For payment methods that haven't been verified yet, Frame runs a $1 authorization that's immediately reversed — the cardholder is never billed, but the network returns the AVS signal. This shows up as a transient $1 hold; merchants who care about that signal-to-noise ratio should communicate the pattern to customer support.
AVS outcomes for cards:
| Result | Behavior |
|---|---|
| Pass | Address matched. Charge proceeds. |
| Fail | Address did not match. Charge is blocked. |
How it works — bank account address verification
For ACH (bank account payment methods), there's no equivalent of AVS at the bank network level. Frame instead compares the billing address on the payment method against the KYC-verified residential address on the account holder's profile.
This means:
- KYC must have passed for the account before ACH address verification can run.
- The payment method's billing address must match the account holder's
profile.individual.address.
Outcomes for bank accounts:
| Result | Behavior |
|---|---|
| Pass | Billing address matches the KYC-verified address. Charge proceeds. |
kyc_required | KYC hasn't passed yet. Charge is blocked. |
address_mismatch | Billing address doesn't match KYC. Charge is blocked. |
individual_required | The account doesn't have an individual profile to compare against. Charge is blocked. |
ACH address verification depends on KYC. Request both capabilities together (kyc + address_verification) when you intend to accept bank account payments — KYC is what populates the reference address.
What it doesn't do
Address verification is a match check, not a validity check. Frame is not validating:
- That the address physically exists at the postal level (no USPS standardization).
- That the account holder currently lives there.
- That the address is deliverable.
If you need postal validity or deliverability, that's a separate concern — address verification answers "does the billing address match the source of truth," not "is this a real place mail could go."
Capability requirements
| Use case | Required capabilities |
|---|---|
| Card-only payments with AVS | address_verification |
| Bank account payments with address match | address_verification + kyc |
| Both card and bank account payments | address_verification + kyc (covers both rails) |
Address verification activates automatically once the prerequisite data is on file — a payment method with a billing address for cards, or a completed KYC for ACH. There's no separate hosted UX; like geocompliance, it's a background capability that gates transactions.
Gotchas
Symptom: card charges are failing address_verification even though you're sure the billing address is correct. Why: AVS results vary by issuer — some banks return partial matches (zip only, street only) that Frame's threshold treats as a fail. Fix: check the specific AVS code returned by the network; if it's a partial match, consider whether your platform's risk policy can accept it (Frame support can help configure thresholds).

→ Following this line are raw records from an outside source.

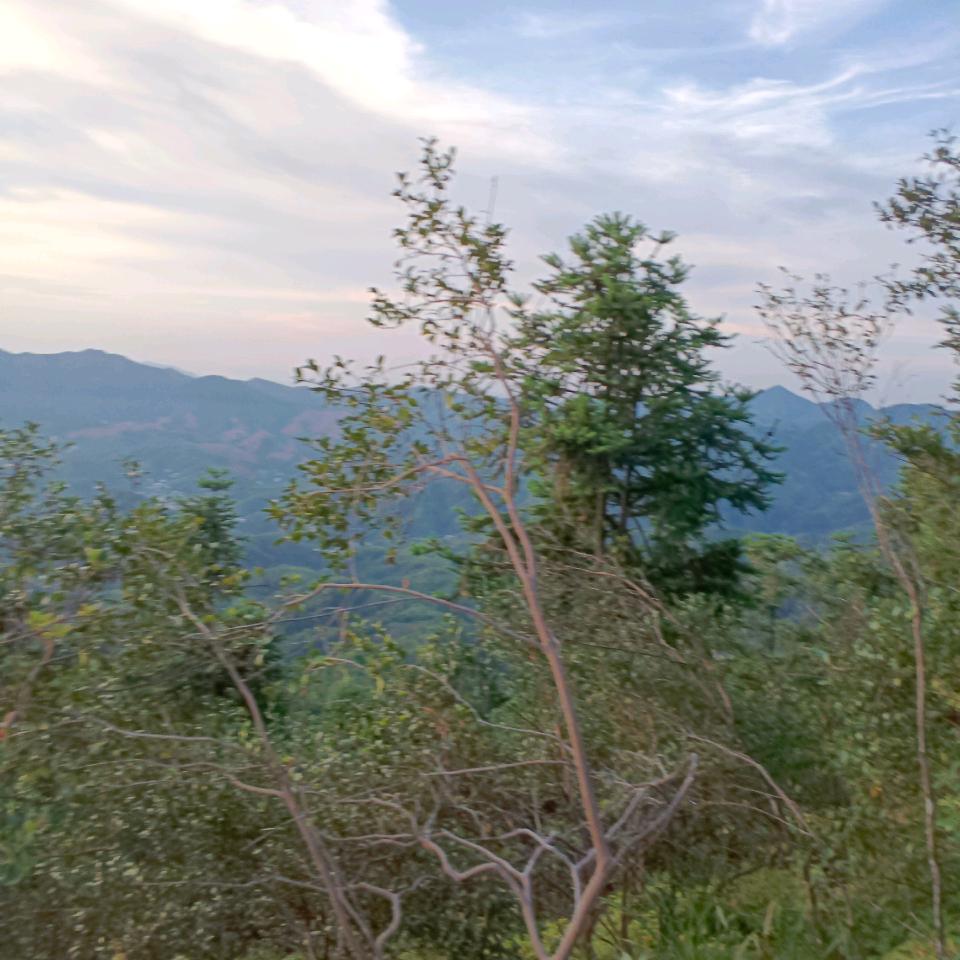 梦想未来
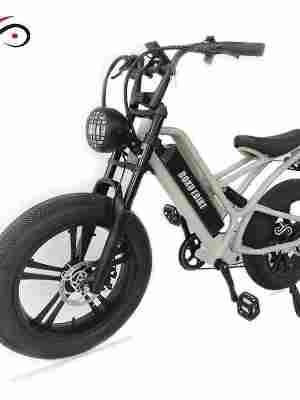Heat Resistance Easy To Ride Electric Bike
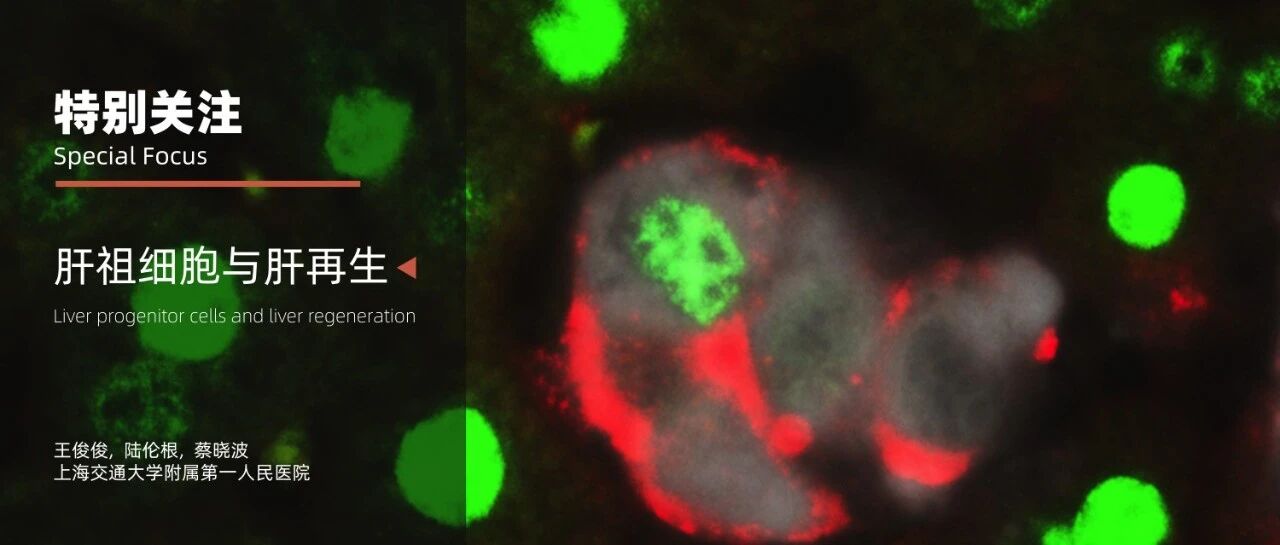 特别关注｜肝祖细胞与肝再生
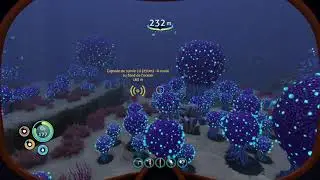 Subnautica-looking for ruby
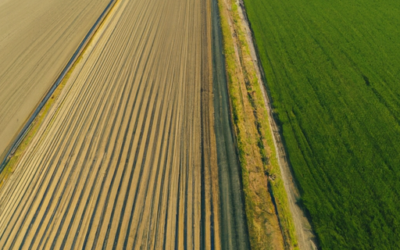 Terreno sabbioso: tutto quello che devi sapere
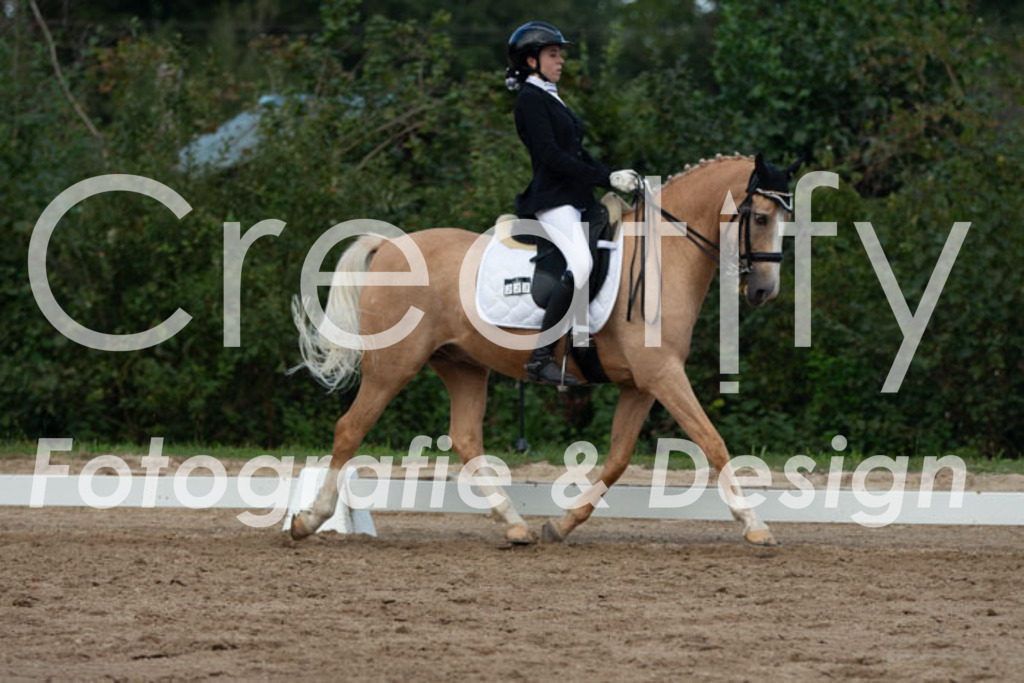 IMG_1159 | Creatify Fotografie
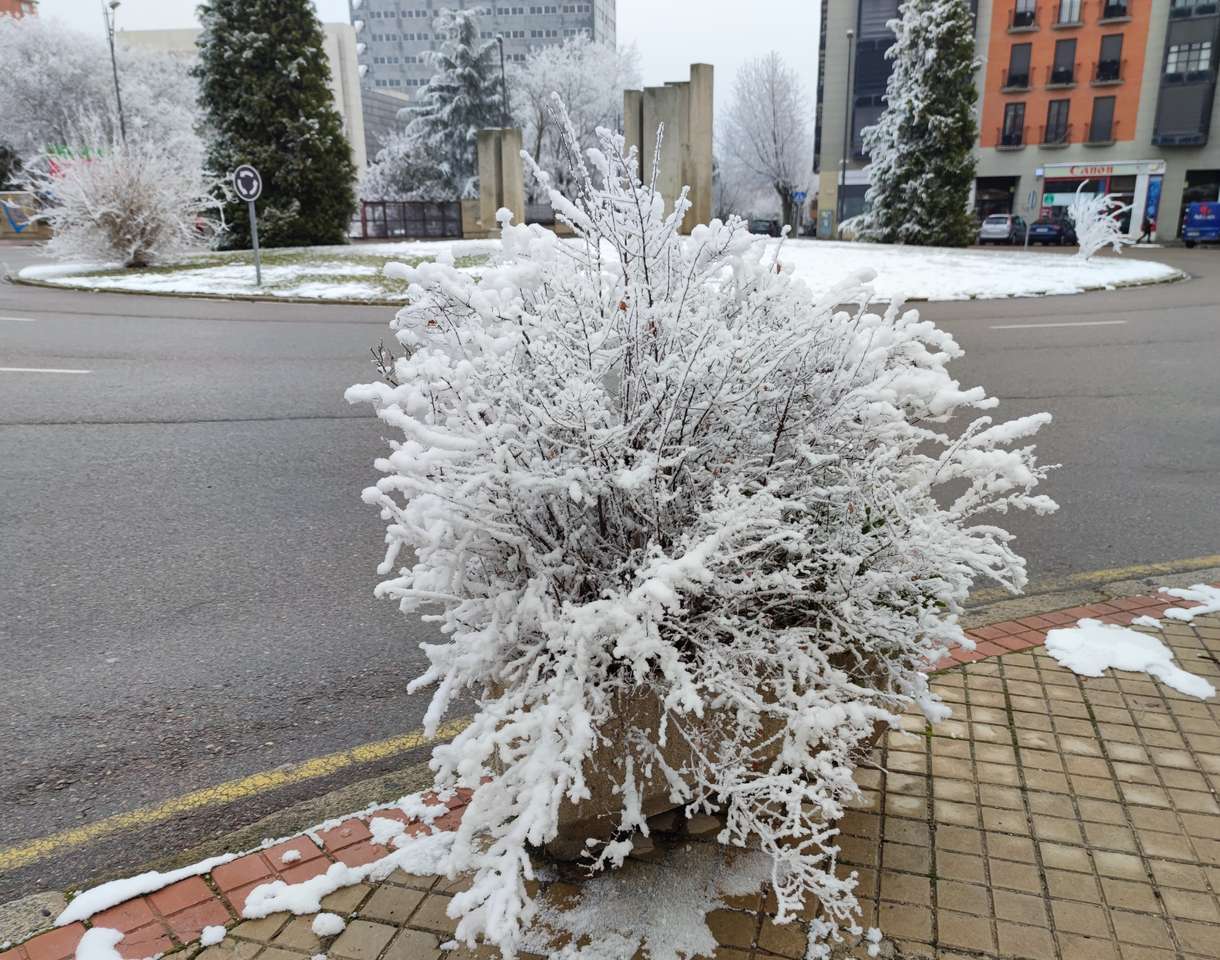 Arbusto congelado na praça de Zamora-Espanha. quebra-cabeças online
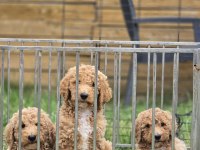 Avrupa Kan Hattı Dev Poodle Yavruları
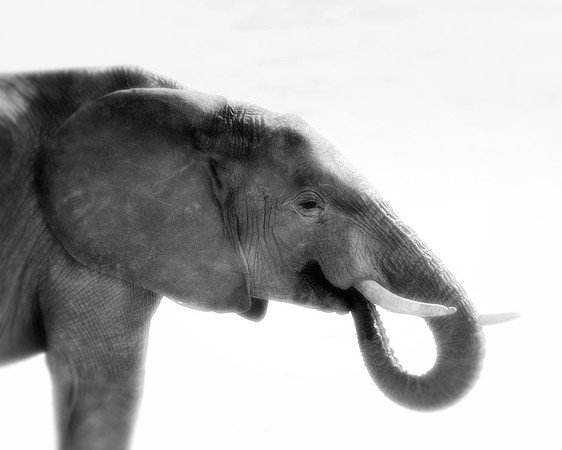 Africa, Bertazzoni, Botswana, Chobe, Dumbo, India, Kenya, Mara, Masai, Moremi, Namibia, Namibia, Savuti, "South Africa", Tanzania, Zambia, Zimbabwe, baby, "black & white", ears, elephant, illegal, ivo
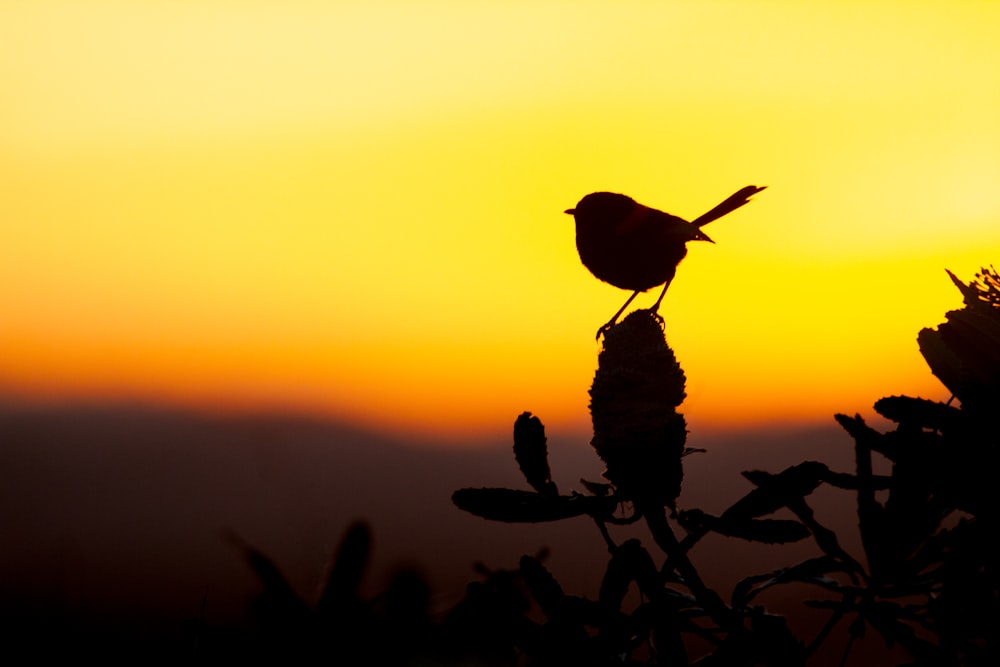 silhouette of bird perched on plant during sunset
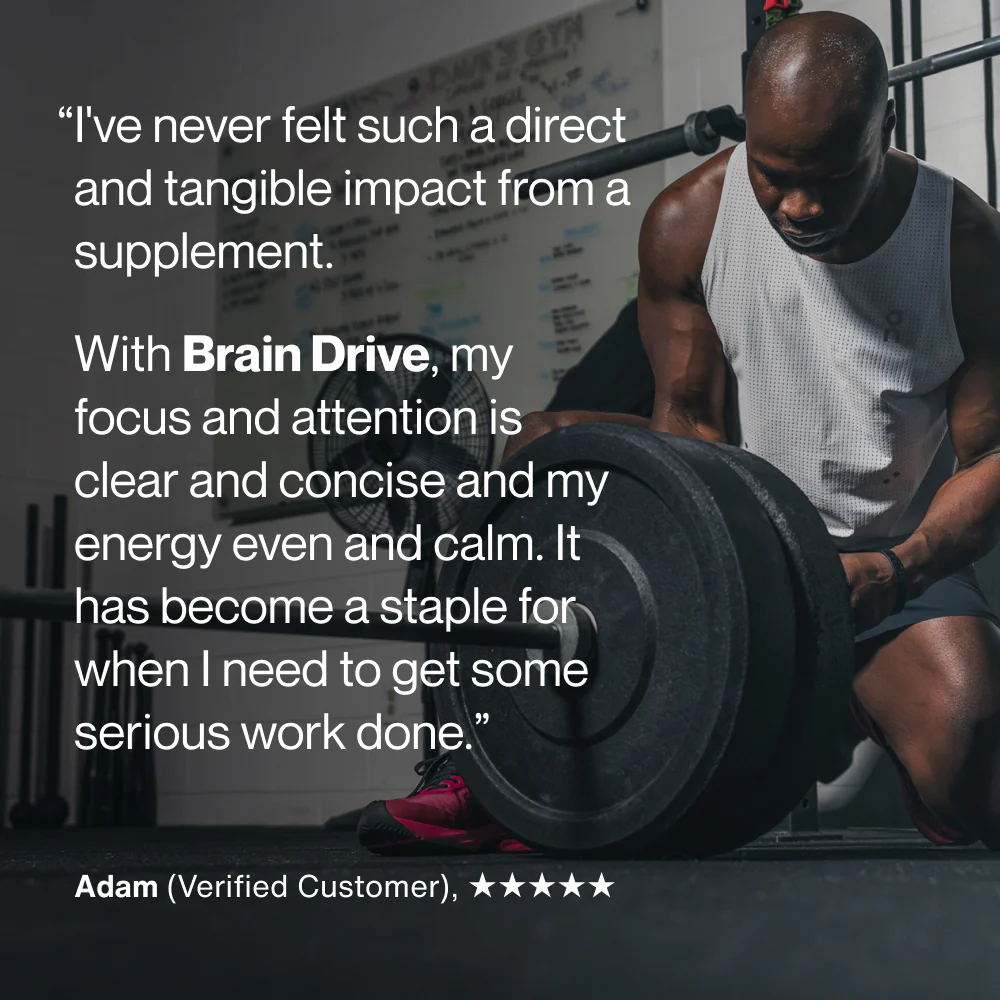 Brain Drive - Image 5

Symptom: ACH charges fail with kyc_required even though the account has been onboarded. Why: the kyc capability didn't fully activate — it's still pending (waiting on a back-channel check) or disabled. ACH address verification reads the active KYC state. Fix: retrieve the account and confirm kyc is active; if it's pending, listen for the capability.activated webhook before retrying.
Symptom: a customer updates their address with you but charges keep failing address_mismatch. Why: updating the address on your platform doesn't automatically update the KYC-verified address on the Frame account. They're separate records. Fix: update the account's profile.individual.address via the API; if the address is substantially different, Frame may put kyc back into pending for re-verification.
Reference
For payment method creation (where the billing address is attached), see POST/v1/payment_methods.